Exercise instructions
What you output must be the exact lines from the first line of the data through the one holding "Randig stickad tröja", with no pictures.

━━ Data section

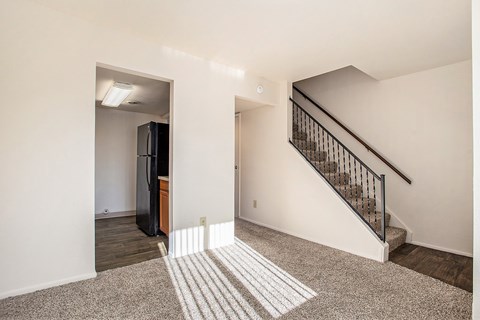 A room with a staircase and a refrigerator.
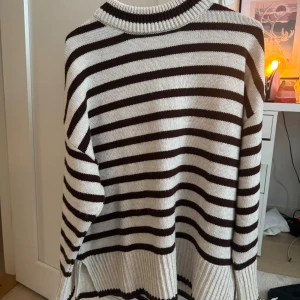 Randig stickad tröja Sisters Point - Snygg stickad tröja från Sisters Point i storlek M. Tröjan har breda horisontella ränder i brunt och vitt, rundad halsringning och avslappnad passform. Perfekt för lager på lager och ger en trendig look till din outfit.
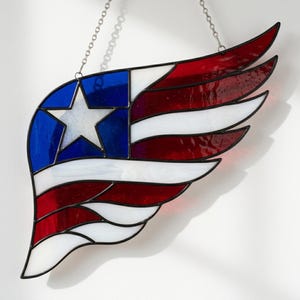 May include: A stained glass wing in the colors of the American flag, featuring a blue section with a white star and red and white stripes. The wing is outlined in black and hangs from a silver chain.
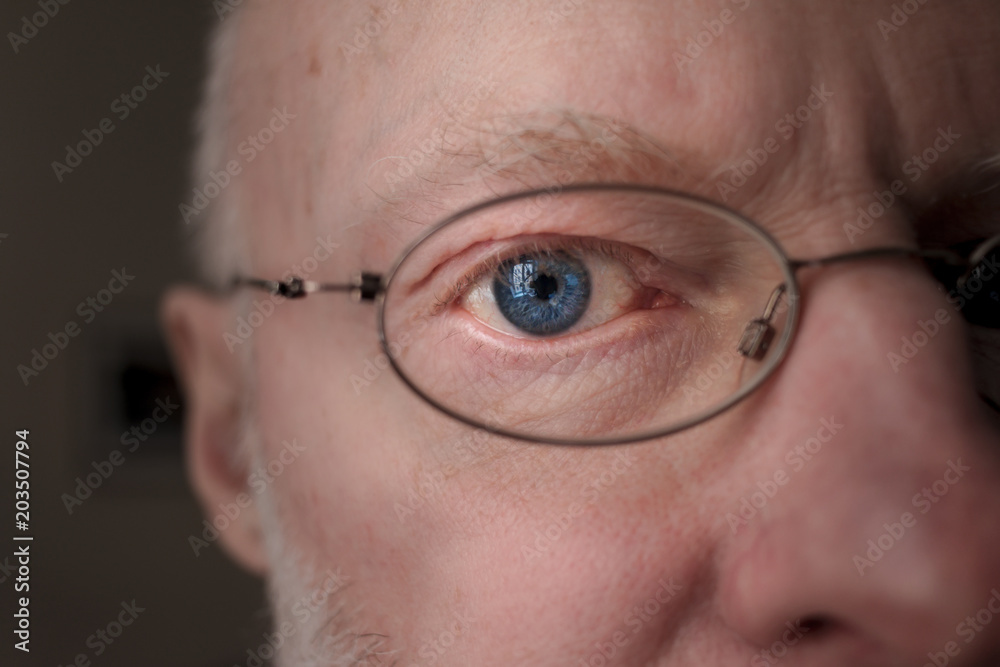 Close up of adult male with glasses Close up of adult male with glasses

━━━━

Exercise response
 A room with a staircase and a refrigerator.
 Randig stickad tröja Sisters Point - Snygg stickad tröja från Sisters Point i storlek M. Tröjan har breda horisontella ränder i brunt och vitt, rundad halsringning och avslappnad passform. Perfekt för lager på lager och ger en trendig look till din outfit.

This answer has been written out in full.